Two men, Travis McIntosh and Matt McCormick, got married Sept. 12 in New Zealand. The problem: They are heterosexual best friends who were looking to win a radio station contest and go to the 2015 Rugby World Cup in England.
The “bromance wedding” featured a celebrant dressed as Darth Vader, a streaker and a wedding cake decorated with a rugby ball. The newly wedded couple denied the charge of pro-gay marriage groups that they were “mocking the institution of marriage.”
The couple said that they never intended to offend. In what sounds a bit like New Age wedding vows, McIntosh said, “We are not here to insult anyone. We are here to do our own thing and travel our own path.”
The story underscores a point I have long been making: Heterosexuals have been doing a darn good job all on their own of devaluing marriage both as institution and as sacrament.
Where does one start? The growing rates of cohabitation, of divorce, of serial monogamy, the willingness to accept extramarital sex: These are all signs that the culture has been walking away from traditional marriage for decades.
Long before New Zealand’s rugby spouses, pop culture has reflected a debased understanding of marriage. Exhibit one in my book is the twin television features “The Bachelor” and “The Bachelorette.”

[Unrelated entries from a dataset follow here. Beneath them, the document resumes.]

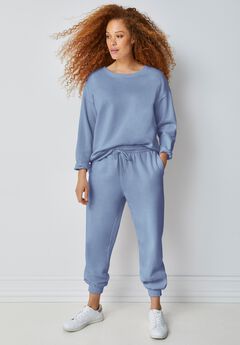 Drawstring Waist Fleece Sweatpants
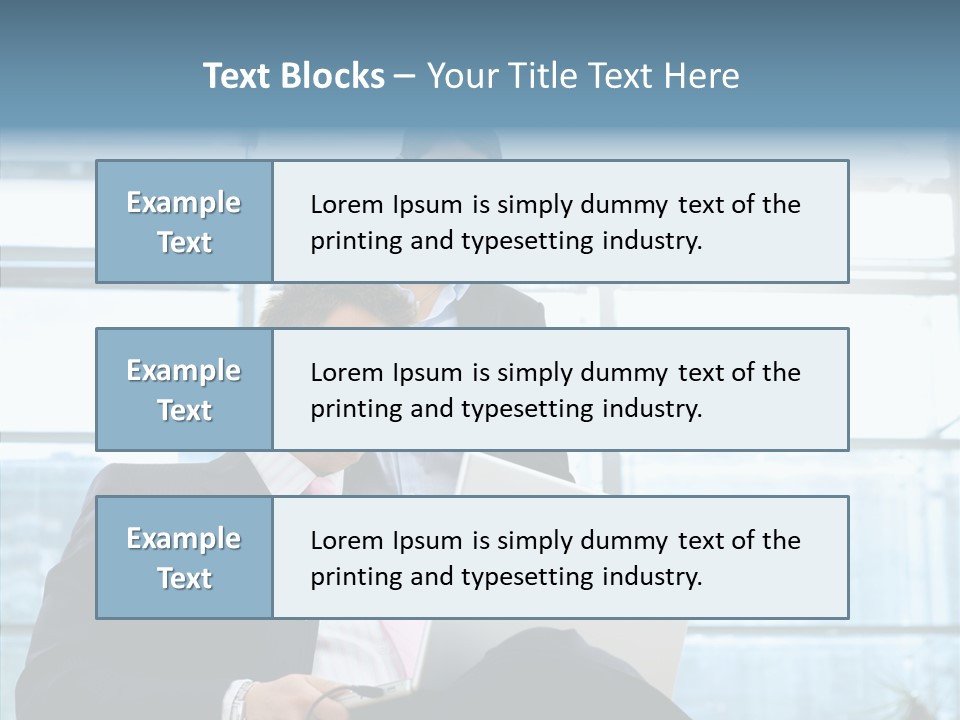 Teamwork Short Secretary PowerPoint Template
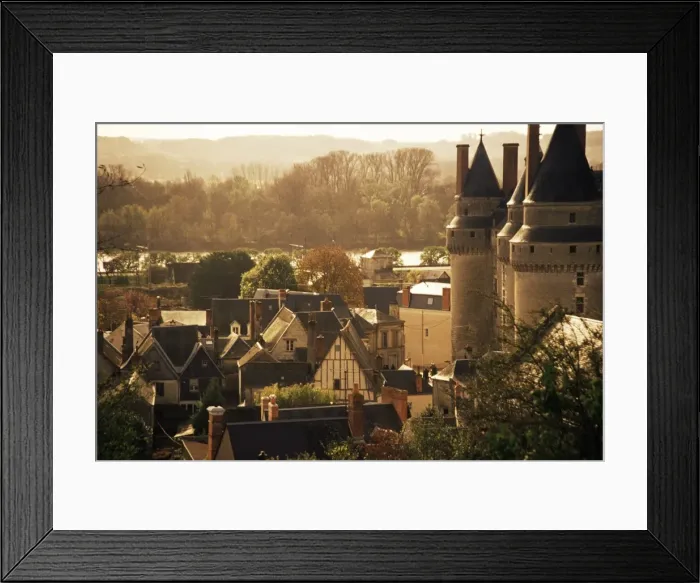 Framed Print : Chateau and town, Langeais, Indre-et-Loire, Loire Valley, Centre, France, Europe Framed Print : Chateau and town, Langeais, Indre-et-Loire, Loire Valley, Centre, France, Europe
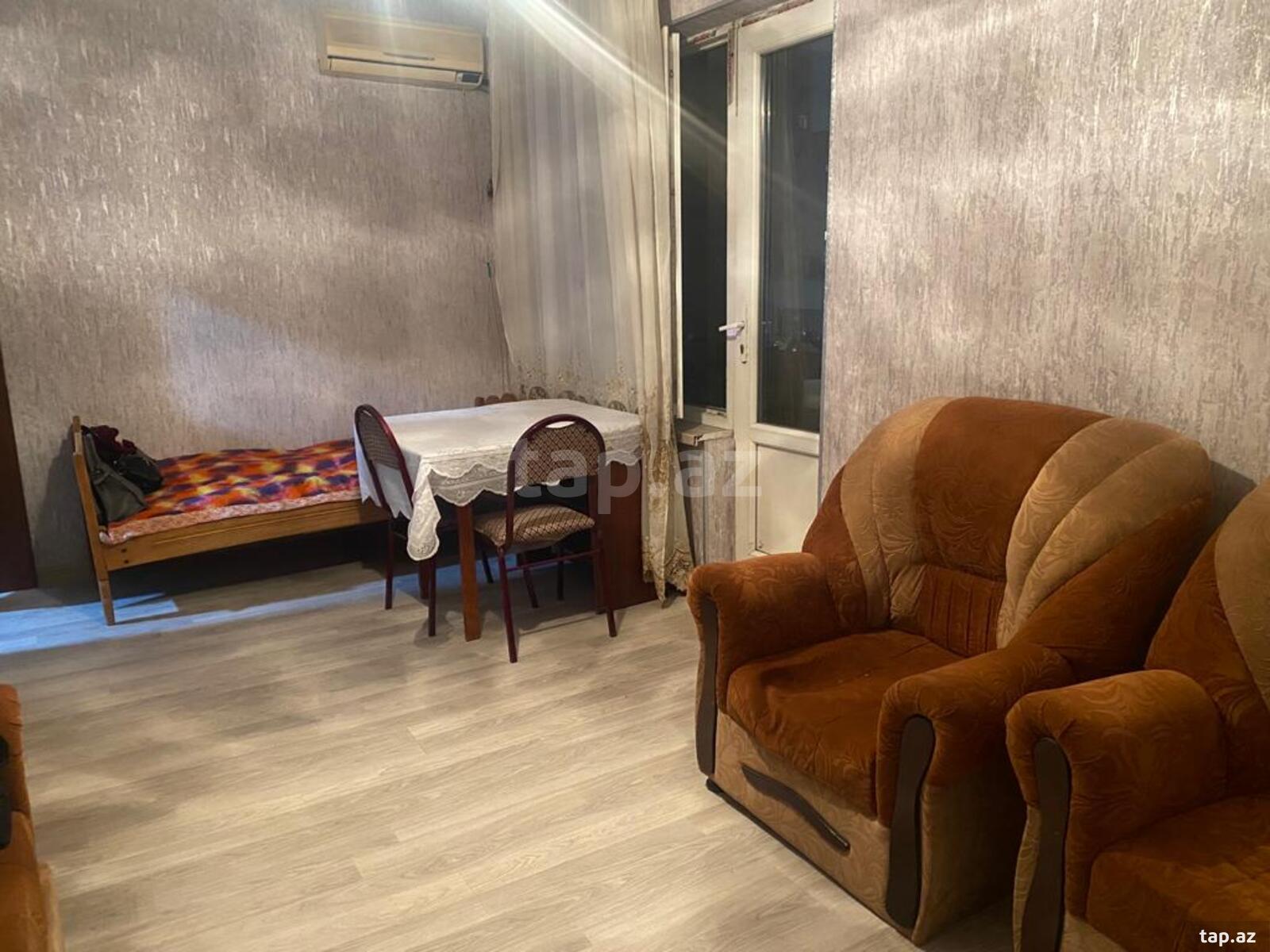 2-otaqlı mənzil kirayə verilir, Nərimanov r., 45 m² (2)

Once upon a time there was “The Dating Game,” in which the point was simply to go on a date. Fast forward four decades and it is a steamy marriage cattle call.
Over 12 years and a combined total of 27 seasons, the designated male or female gets to sample, reject, waffle and finally choose a potential mate as a nation looks on. Most couples never make it to the altar. A handful get married. But the entire process is a manufactured soap opera, turning marriage into a prize equivalent to winning “America’s Got Talent” or “Wipe Out.”
The argument can be made that the audience does not take the spectacle seriously. My daughters would gather with friends to laugh at the proceedings, which I suppose is a positive acknowledgement of the insufferable shallowness of this entertainment. Being more of a traditionalist myself, I just find the whole concept embarrassing.
Marriage remains a cultural ideal, perhaps, but the question that even many Catholics are asking is how many people now wed with any serious intent to make it a lifelong commitment. While thousands of dollars are spent on the wedding day, far less thought goes into the lifetime of days to follow. Yet social science tell us that cohabitation and frequent sexual partners dramatically reduce the likelihood that a marriage will last, even as popular wisdom counsels that sampling the field is the way to ensure longevity.
As gay marriage, like cohabitation, becomes more common, social scientists will eventually start looking behind those numbers at rates of marriage, divorce, cohabitation and abuse. For now, they have plenty to look at among heterosexuals.
As for Catholics, our great blessing is the sacrament of marriage. On Sept. 14, Pope Francis witnessed the marriage of 20 couples and concluded his homily with these words:
“The path is not always a smooth one, free of disagreements; otherwise it would not be human. It is a demanding journey, at times difficult, and at times turbulent, but such is life! Marriage is a symbol of life, real life: it is not ‘fiction!’ It is the sacrament of the love of Christ and the Church, a love which finds its proof and guarantee in the Cross.”
Words you’ll never hear on “The Bachelor,” but true nonetheless.
Greg Erlandson is OSV’s president and publisher.